The Exercise is divided into a number of Steps. The color scheme of the Exercise is as follows:

  • Commands will be embedded in a grey box, e.g.
    ls -ltr
  • Configuration files (full or snippets) will be embedded in a blue box, e.g.
    datasetpath            = /Jet/Run2010B-Nov4ReReco_v1/AOD
  • ROOT macros and codes will be embedded in a pink box, e.g.
      const TString var 	= "ST";
  • Output and screen printouts will be embedded in a green box, e.g.
     Number of events with ST > 2000 and N>= 3 is 10099. Acceptance = 0.842075
  • Important messages will be highlighted in red

Other Useful Information

The basics of what the pileup distributions look like in Data and MC, and how the distributions in MC are generated are available at the PileupTwiki linked from the 2011 PVT and this link to the 2012 PPD web pages. A tutorial for how to do pileup reweighting can be found in the CMSDAS pages (click here), since it has been presented as a Short Exercise since 2012.

Getting Started

First, a set of introductory slides can be found (linked to this TWiki page) here:

Next, we are going to examine what goes in to the pileup calculation. What you need:

  • You should set up a CMSSSW_5_3_11_patch4 working area. Follow these steps once you have properly set up your CMS environment variables:
cmsrel CMSSW_5_3_11_patch4
cd CMSSW_5_3_11_patch4/src
cmsenv
(need to use Git now:) git cms-addpkg RecoLuminosity/LumiDB
(compile!) scram b 
This package contains all of the luminosity query and pileup calculation scripts. If you haven't set up Git yet, you should take the time to do that. Check out the links here. Particularly important is setting up your ssh keys so that you can check out packages from the repository.
  • A JSON file with good luminosity sections from the 2012 running:

Calculating Luminosity for Pileup Work

You may already be familiar with the process of calculating the luminosity covered by your analysis. Here, we are going deeper into the luminosity information because we need more details in order to calculate the pileup. This tutorial leads you through the steps outlined on the TWiki page describing how the luminosity information is used for the pileup calculation, which can be found here. Along the way, we'll take a look at some interesting features.
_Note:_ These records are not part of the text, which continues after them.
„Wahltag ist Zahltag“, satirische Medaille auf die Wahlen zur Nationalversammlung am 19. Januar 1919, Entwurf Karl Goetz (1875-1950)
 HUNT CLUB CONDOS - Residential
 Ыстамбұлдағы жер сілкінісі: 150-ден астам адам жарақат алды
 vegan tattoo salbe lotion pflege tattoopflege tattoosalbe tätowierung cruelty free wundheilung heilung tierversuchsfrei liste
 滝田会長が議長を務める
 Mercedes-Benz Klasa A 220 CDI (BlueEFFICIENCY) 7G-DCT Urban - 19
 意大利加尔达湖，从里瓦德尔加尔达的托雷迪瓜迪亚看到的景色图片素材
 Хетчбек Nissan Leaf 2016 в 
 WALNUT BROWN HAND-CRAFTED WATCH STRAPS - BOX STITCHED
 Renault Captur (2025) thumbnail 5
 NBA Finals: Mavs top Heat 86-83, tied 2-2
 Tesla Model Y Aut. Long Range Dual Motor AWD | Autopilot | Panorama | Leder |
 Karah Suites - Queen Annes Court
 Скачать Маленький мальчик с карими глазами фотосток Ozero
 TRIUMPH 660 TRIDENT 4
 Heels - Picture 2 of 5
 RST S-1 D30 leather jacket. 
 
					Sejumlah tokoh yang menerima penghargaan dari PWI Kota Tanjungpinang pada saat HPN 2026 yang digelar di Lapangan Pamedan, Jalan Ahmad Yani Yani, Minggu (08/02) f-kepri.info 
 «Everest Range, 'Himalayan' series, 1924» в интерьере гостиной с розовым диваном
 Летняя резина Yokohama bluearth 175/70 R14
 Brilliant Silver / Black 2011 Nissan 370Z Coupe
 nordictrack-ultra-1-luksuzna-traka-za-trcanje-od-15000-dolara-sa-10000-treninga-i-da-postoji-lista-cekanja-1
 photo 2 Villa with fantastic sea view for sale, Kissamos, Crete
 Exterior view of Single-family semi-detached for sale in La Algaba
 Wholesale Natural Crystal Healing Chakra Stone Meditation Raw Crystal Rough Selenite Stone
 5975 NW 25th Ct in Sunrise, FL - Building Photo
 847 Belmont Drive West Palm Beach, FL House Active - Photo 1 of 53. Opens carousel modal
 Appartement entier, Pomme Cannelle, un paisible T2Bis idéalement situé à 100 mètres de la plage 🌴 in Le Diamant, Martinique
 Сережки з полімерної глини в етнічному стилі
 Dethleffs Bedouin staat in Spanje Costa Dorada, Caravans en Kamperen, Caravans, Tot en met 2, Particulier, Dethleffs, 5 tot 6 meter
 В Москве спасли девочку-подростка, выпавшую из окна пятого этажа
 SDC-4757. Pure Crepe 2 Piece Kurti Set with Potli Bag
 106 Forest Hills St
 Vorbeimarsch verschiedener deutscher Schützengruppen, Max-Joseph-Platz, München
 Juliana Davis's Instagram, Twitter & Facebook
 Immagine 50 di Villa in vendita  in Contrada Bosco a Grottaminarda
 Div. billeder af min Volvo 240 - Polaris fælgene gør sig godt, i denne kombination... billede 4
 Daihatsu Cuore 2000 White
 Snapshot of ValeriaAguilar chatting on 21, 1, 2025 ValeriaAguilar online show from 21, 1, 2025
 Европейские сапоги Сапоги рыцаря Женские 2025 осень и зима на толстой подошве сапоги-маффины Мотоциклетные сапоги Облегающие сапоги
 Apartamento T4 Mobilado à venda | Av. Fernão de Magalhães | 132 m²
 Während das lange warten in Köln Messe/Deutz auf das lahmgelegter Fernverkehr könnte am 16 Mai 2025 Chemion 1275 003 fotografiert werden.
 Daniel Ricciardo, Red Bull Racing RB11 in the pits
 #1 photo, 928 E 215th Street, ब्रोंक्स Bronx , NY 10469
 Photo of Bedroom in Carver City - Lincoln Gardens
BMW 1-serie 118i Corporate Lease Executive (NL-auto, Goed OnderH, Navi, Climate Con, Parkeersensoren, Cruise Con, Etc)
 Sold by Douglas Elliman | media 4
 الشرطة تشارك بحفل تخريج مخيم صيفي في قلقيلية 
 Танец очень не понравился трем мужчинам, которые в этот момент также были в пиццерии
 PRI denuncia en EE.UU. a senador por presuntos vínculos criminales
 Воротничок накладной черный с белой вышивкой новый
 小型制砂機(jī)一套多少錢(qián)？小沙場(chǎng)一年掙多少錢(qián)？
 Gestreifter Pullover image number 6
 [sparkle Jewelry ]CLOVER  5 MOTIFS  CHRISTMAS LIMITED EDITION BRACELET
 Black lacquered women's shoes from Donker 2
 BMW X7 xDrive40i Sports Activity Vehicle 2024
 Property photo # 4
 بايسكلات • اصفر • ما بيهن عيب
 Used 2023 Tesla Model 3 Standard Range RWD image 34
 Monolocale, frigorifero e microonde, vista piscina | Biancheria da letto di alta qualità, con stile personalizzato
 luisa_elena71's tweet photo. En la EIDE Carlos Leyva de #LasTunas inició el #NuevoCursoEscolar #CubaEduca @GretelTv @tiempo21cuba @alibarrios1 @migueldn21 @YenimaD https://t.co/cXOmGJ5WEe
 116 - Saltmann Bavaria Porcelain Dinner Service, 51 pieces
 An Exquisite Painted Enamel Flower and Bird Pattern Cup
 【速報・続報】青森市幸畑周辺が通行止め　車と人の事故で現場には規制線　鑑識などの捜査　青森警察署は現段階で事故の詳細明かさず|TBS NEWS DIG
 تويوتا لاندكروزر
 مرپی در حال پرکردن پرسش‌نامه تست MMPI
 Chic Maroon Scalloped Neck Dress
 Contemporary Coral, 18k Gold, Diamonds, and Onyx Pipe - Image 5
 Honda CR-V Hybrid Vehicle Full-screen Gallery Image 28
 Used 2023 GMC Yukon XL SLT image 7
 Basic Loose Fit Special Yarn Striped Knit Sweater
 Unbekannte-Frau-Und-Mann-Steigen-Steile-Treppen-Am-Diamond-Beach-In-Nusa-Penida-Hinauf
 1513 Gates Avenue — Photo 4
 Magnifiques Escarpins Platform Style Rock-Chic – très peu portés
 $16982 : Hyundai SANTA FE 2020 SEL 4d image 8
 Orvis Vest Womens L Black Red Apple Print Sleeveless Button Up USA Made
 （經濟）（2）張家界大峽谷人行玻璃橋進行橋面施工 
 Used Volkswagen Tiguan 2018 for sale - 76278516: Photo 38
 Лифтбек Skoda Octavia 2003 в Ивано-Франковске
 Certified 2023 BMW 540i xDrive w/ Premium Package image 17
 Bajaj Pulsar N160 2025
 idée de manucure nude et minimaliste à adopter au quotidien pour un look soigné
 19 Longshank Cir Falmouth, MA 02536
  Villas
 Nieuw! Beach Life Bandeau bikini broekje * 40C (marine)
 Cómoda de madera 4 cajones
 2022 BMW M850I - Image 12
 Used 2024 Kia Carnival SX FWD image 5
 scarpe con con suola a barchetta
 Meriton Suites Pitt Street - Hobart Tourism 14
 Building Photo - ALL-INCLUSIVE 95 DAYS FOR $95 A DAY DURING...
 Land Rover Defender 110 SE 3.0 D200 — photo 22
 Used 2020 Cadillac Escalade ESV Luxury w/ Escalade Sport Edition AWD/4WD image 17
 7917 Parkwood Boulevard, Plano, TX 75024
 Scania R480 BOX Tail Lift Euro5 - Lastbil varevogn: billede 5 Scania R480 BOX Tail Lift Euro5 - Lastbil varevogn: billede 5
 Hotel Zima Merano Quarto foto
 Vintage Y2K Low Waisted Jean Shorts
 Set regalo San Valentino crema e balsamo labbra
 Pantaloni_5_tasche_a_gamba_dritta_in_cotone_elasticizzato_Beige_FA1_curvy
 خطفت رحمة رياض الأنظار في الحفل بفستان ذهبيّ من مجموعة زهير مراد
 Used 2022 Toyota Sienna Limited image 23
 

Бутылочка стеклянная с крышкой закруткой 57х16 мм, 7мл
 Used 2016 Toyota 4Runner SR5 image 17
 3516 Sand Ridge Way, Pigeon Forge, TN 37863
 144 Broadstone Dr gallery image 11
As an input to the pileup calculation, the instantaneous bunch-by-bunch luminosities and the delivered and recorded luminosity for each LumiSection are necessary. These are obtained by doing a Luminosity DataBase query using the script lumiCalc2.py provided in RecoLuminosity/LumiDB which you just dowloaded. The bunch-by-bunch luminosities are required here, because it is the luminosity of each collision that determines how many additional interactions can occur each time the beams cross. Note that, at present, the luminosity can only be provided bunch-by-bunch by the HF detector. While it is fast, it has known non-linearities and aging propensities that need to be monitored and corrected. We will address this later in this exercise.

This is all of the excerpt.